SEC Enforcement Staff Accessed Adjudicatory Documents in Midst of Administrative Proceedings

Securities and Exchange Commission v. Michelle Cochran

Washington, D.C., April 06, 2022 (GLOBE NEWSWIRE) -- The U.S. Securities and Exchange Commission (SEC) has disclosed that its enforcement staff accessed documents in at least two adjudicatory matters currently in litigation in federal court, including SEC v. Michelle Cochran. The New Civil Liberties Alliance represents Ms. Cochran in a lawsuit challenging the constitutionality of SEC’s in-house Administrative Law Judges (ALJs), who enjoy multiple layers of protection from removal by President Biden. In December 2021, the en banc U.S. Court of Appeals for the Fifth Circuit ruled in favor of Ms. Cochran, declaring that she has the right to challenge the constitutionality of her ALJ’s removal protections in federal court before undergoing an administrative adjudication.

SEC released a statement yesterday admitting that “administrative support personnel from Enforcement, who were responsible for maintaining Enforcement’s case files, accessed [restricted] Adjudication memoranda via the Office of the Secretary’s databases.” This self-described “control deficiency” is actually an outrageous breach of ethics—and possibly law—by SEC that illustrates why the Constitution forbids housing prosecutorial functions and adjudicatory functions in a single agency.

SEC filed in Cochran simultaneously with publishing the statement, so Ms. Cochran was not informed of SEC’s “control deficiency” when it was discovered. NCLA and Ms. Cochran were only made aware of the Commission’s breach when it was publicly disclosed. The Commission has known about this issue long enough to hire outside investigators, conduct an audit with “dozens of interviews,” and collect documents. Yet critical details, including who knew what and when, remain undisclosed. If this breach of ethics had occurred in private litigation or before a federal court, it would raise red flags. SEC claims “this access did not impact the actions taken by the staff investigating and prosecuting the cases or the Commission’s decision-making in the matters.” At present, there is no way to verify that this breach did not impact Ms. Cochran’s case. To make matters worse, SEC hired an outside firm that regularly does millions of dollars of business with the agency to investigate the scandal. Hiring a firm with a conflict of interest to investigate a conflict of interest hardly inspires confidence.
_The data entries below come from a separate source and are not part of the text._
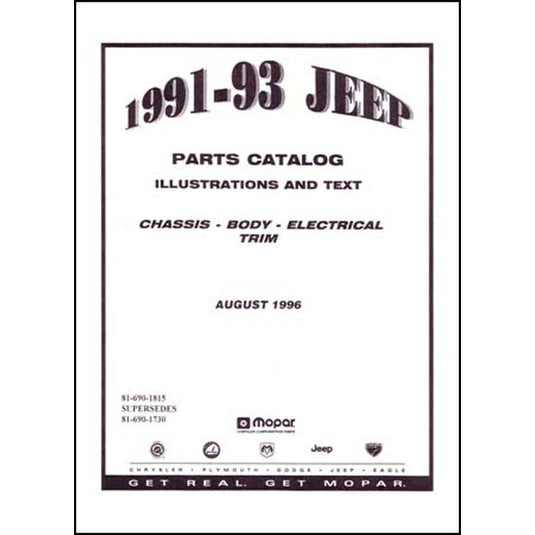 Bishko Automotive Literature Factory Authorized Parts Catalog for 74-96 Jeep Vehicles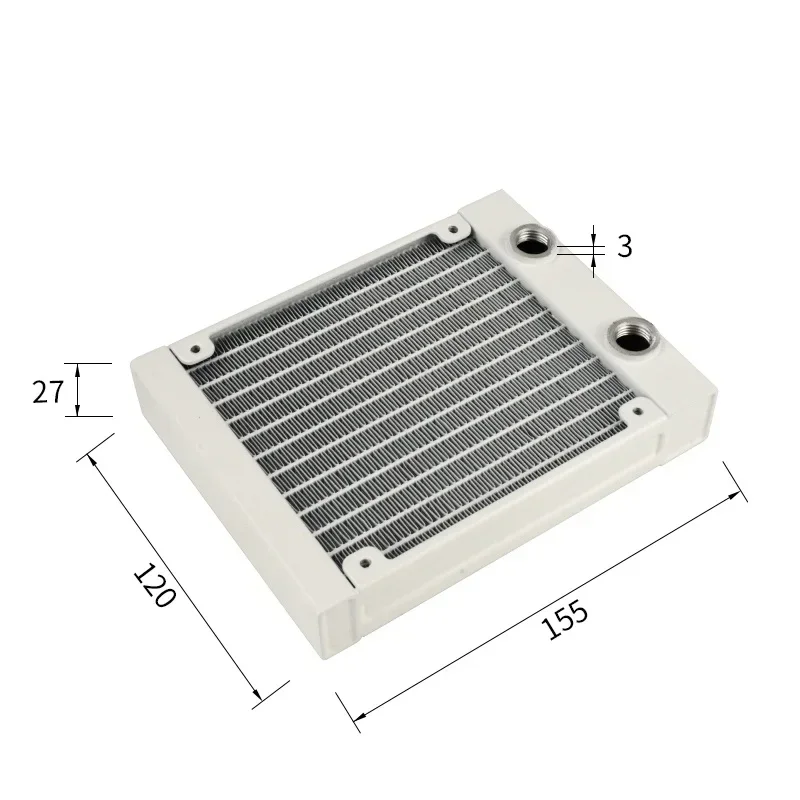 Syscooling White aluminum radiator120/240/360mm 27mm thickness G1/4 thread water cooling Heat Exchanger DIY cooling system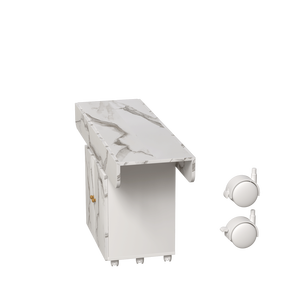 Carrello da Cucina/Isola in Legno con Ruote Rimovibili, 6 Ruote, 47 Pollici, Colore Marmo Bianco, con Ripiani Contenitori e Mobiletto, per Cucina e Ingresso - Product Image 4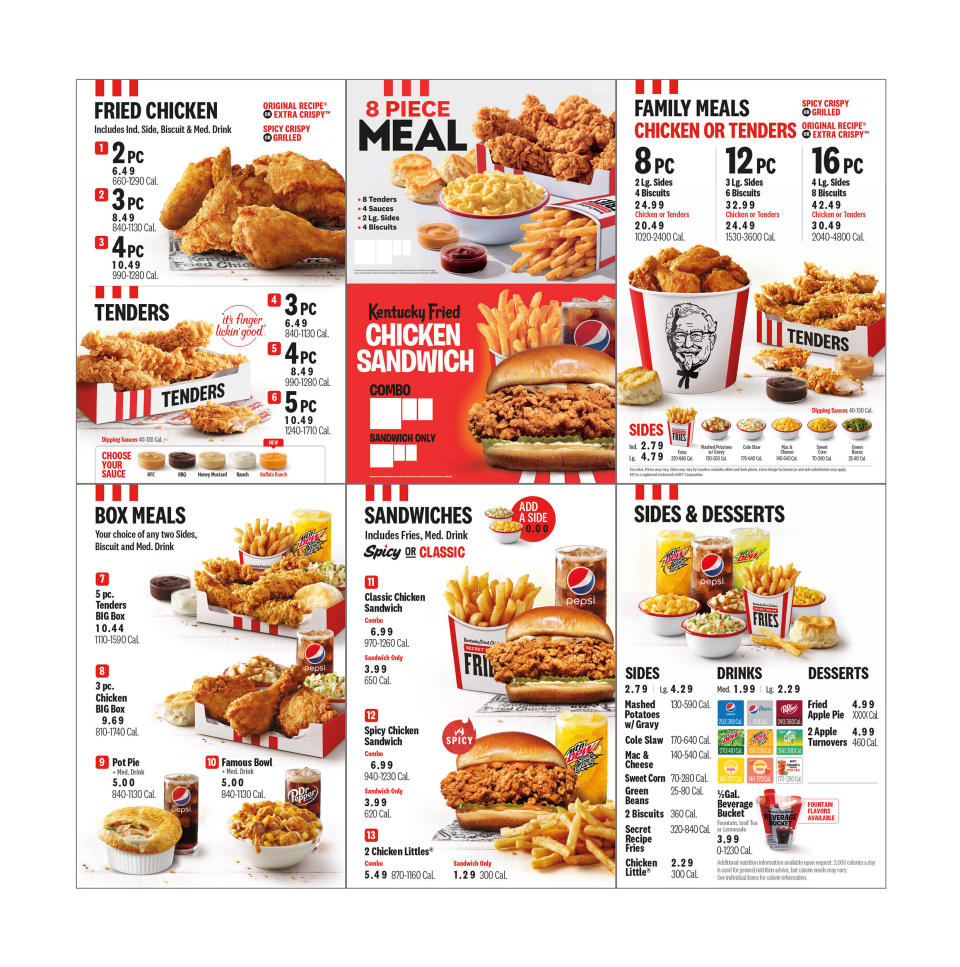 KFC's new menu. (KFC)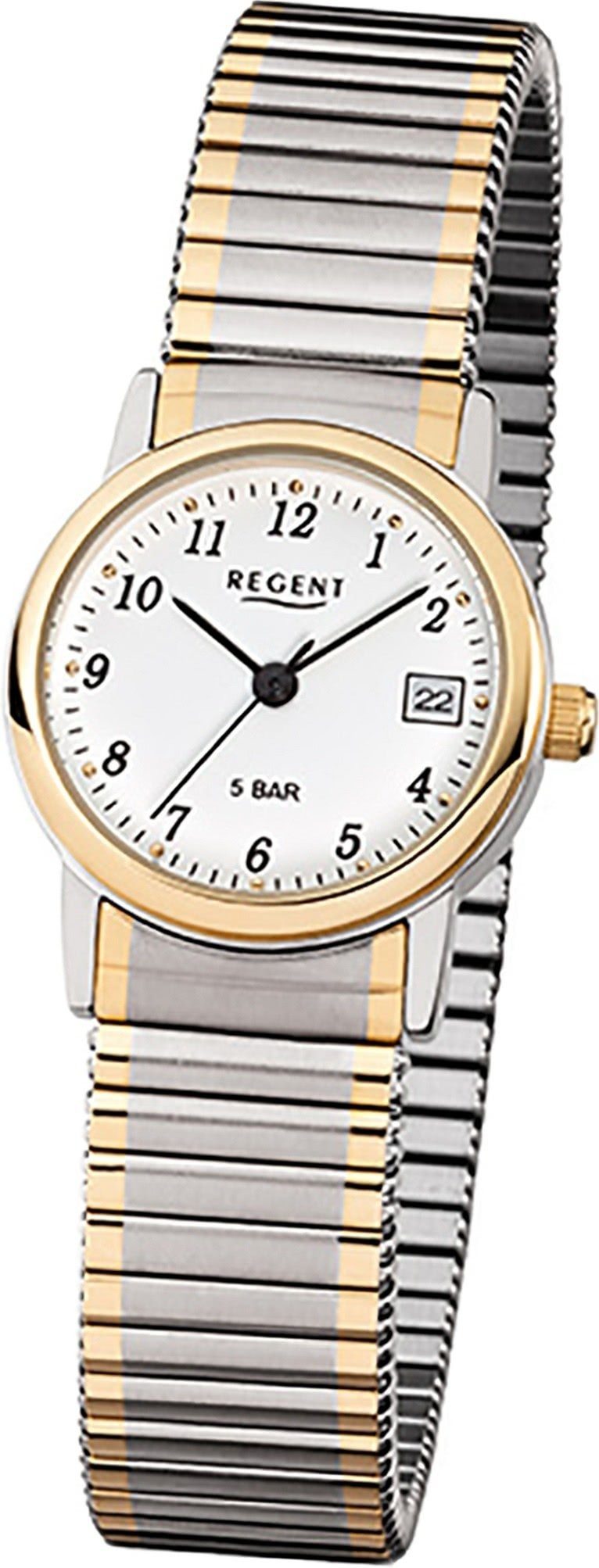 Herrenuhr Uhr rundes Regent Geh F-889, goldarmband, Quarzuhr Stahl Regent ionenplattiert Damen-Herren Edelstahl, mit Damen,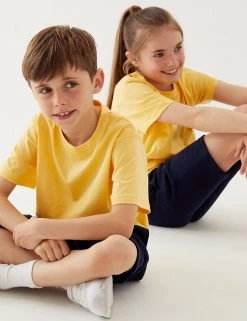 M&S Collection PE Kit Unisex Pure Cotton T-Shirt (2-16 Yrs) -School Uniform Sales Store SD 04 T93 2760 R0 X EC 0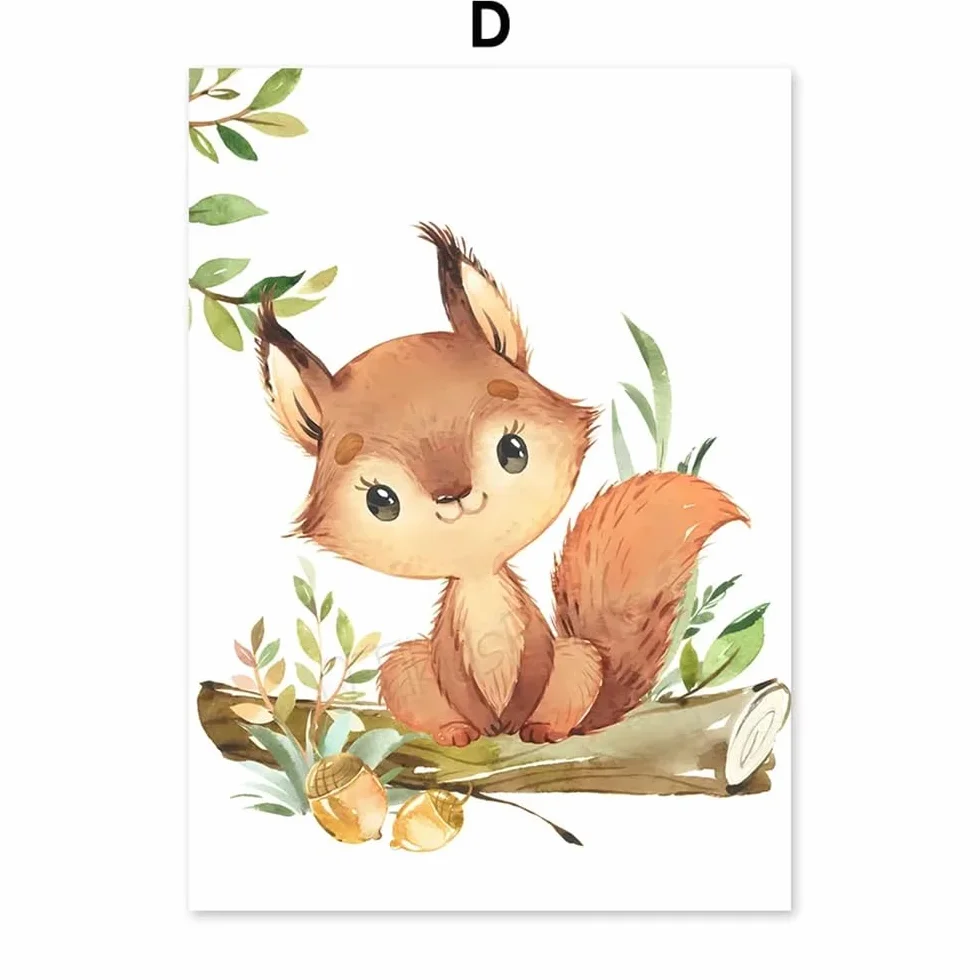 Youihom 6 Quadro Animali Bosco Quadretti Personalizzati Bimba Poster con Lettere del Nome Bambini Stampe Cameretta Neonato Volpe Orso Scoiattolo Cervo Marrone Verde Quadri Tela 21x30 senza Cornice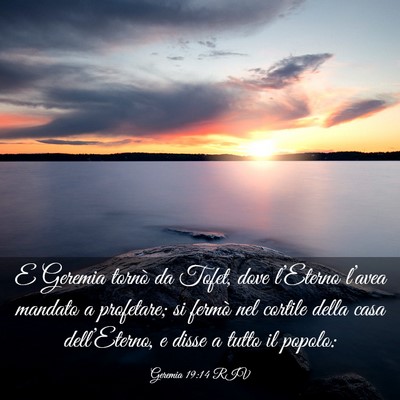 Picture 03 - Geremia 19:14 RIV - E Geremia tornò da Tofet, dove l’Eterno - Bible Verse Picture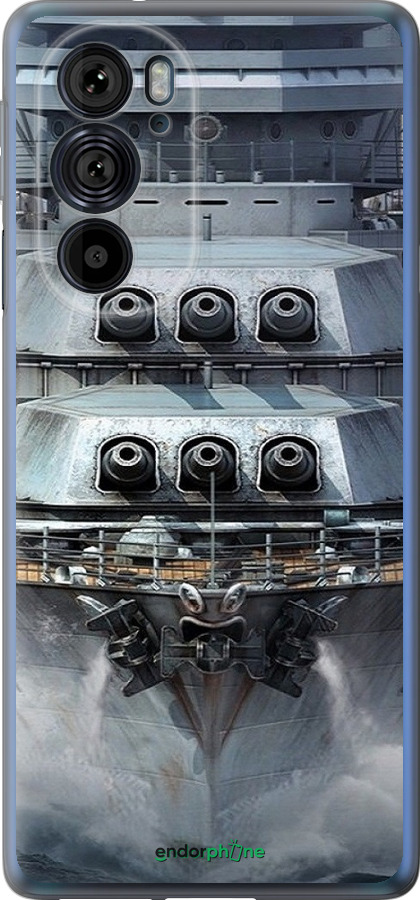 Силиконовый чехол Линкор, world of tanks, wargaming, военный корабль для Motorola Edge 30 Pro - 6453u-2826 изображение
Restoring the “controls” that were disregarded here is not enough. As this breach has demonstrated, it would be impossible to monitor the internal controls at SEC sufficiently to guarantee that agency staff would not make the same error again. A computer correction of a purported “control deficiency” cannot repair the all-too-human impulse to abuse power, win at all costs, and share information inside an agency. Whatever controls are baked into the software, none of those can remedy the inherent problems that combining the enforcement and adjudication power inside an agency create. The two powers must be structurally separated. Until the adjudicative function is returned exclusively to Article III courts, and those courts rein in SEC’s abusive regulation by guidance and other efforts to expand their regulatory power far beyond what Congress ever contemplated under the Securities Exchange Act of 1934, constitutional order will not have been restored at the SEC.